University Town Plaza
- Location: Pensacola, Florida, U.S.
- Coordinates: 30°29′55″N 87°13′30″W﻿ / ﻿30.4986°N 87.2251°W
- Address: 7171 North Davis Highway
- Opened: 1974
- Closed: 2013 (original indoor mall)
- Developer: Cousins Properties
- Owner: Washington Prime Group
- Anchor tenants: 5
- Floor area: 747,000 square feet (69,400 m^{2}) (original mall)
- Floors: 1

= University Town Plaza =

University Town Plaza is an outdoor shopping mall in Pensacola, Florida, United States. It is being developed on the site of the former University Mall, which operated from 1974 to 2013. The mall's original anchor stores were J. C. Penney, Sears, and McRae's. In 2013, the mall was torn down except for its anchor stores and rebuilt as an outdoor complex. Anchor stores of the outdoor complex are J. C. Penney, Burlington, BJ's Wholesale Club, Conn's and Academy Sports + Outdoors. The mall is owned and managed by Washington Prime.

==History==
University Mall opened in 1974 with J. C. Penney, Sears-closed in July 2018, and McRae's, in its first location outside Mississippi. The mall was largely damaged by Hurricane Ivan in 2004, but all three anchor stores soon reopened. Plans were first announced in 2007 to redevelop the mall, which had been losing stores, but retain all three anchors.

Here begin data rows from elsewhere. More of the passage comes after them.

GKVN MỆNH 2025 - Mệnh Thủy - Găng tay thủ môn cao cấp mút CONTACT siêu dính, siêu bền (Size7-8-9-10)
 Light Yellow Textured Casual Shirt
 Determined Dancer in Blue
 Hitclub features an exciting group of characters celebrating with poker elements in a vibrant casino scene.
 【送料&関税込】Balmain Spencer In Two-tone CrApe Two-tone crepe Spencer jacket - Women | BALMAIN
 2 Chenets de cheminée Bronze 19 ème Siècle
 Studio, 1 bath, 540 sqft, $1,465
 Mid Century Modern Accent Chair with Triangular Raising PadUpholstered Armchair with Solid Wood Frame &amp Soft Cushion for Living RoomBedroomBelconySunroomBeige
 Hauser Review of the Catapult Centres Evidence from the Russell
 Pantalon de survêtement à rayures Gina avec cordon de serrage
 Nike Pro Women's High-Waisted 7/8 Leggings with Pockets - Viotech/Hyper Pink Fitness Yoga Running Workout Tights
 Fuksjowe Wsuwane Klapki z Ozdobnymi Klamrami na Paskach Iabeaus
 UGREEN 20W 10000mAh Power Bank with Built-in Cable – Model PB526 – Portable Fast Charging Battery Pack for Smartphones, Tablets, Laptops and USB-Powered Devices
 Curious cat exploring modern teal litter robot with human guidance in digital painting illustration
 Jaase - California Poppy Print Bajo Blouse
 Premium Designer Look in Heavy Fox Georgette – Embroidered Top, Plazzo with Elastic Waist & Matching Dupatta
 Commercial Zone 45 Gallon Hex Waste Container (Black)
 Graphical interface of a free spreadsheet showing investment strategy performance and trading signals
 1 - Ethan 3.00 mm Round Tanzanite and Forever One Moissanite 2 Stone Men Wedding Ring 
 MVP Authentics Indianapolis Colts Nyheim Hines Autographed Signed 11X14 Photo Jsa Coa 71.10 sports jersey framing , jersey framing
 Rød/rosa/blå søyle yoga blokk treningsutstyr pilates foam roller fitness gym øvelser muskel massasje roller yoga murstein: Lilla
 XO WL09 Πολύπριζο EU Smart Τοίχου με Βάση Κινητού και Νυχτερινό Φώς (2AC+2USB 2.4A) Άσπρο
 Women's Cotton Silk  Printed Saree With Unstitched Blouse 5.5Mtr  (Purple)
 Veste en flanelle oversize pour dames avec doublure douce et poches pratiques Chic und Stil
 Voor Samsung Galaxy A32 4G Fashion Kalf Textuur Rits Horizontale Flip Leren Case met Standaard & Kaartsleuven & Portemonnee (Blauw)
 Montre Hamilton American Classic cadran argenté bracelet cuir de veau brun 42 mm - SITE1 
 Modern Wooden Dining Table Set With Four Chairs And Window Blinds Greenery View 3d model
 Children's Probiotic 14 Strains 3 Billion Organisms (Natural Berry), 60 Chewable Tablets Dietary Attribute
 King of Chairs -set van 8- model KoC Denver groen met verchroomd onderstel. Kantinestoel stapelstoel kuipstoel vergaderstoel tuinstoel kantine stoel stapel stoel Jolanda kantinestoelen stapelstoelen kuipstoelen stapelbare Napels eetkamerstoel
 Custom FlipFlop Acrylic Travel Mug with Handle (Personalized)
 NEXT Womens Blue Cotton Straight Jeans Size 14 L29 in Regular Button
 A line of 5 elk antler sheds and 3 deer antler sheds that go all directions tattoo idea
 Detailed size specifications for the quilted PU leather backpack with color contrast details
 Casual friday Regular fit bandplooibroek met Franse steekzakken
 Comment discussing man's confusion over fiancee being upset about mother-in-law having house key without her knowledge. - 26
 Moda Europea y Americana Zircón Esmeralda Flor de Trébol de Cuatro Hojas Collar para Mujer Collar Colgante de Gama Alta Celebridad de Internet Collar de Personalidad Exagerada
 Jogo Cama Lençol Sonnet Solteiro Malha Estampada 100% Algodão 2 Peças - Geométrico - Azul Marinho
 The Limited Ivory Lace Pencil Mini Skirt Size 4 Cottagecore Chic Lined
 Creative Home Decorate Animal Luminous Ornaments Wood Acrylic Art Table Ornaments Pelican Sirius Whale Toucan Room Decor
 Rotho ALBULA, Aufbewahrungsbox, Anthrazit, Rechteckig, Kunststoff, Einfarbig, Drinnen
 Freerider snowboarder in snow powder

Belk, which bought the McRae's chain, closed its store at the mall in 2011 and consolidated into a newly relocated store at Cordova Mall. In 2013, Simon began demolition of the mall property, and announced the newly redeveloped mall would include Academy Sports + Outdoors, Burlington Coat Factory, and Toys "R" Us, which closed in June 2018. The first phase of renovation would also include a new series of inline shops including Famous Footwear, Motherhood Maternity, and a Jimmy John's restaurant. J. C. Penney has remained operational at the mall.

In 2015, Sears Holdings spun off 235 of its properties, including the Sears at University Town Plaza, into Seritage Growth Properties. The former Sears was torn down in 2019 for a BJ's Wholesale Club.

Conn's would open in the former Toys "R" Us in 2022.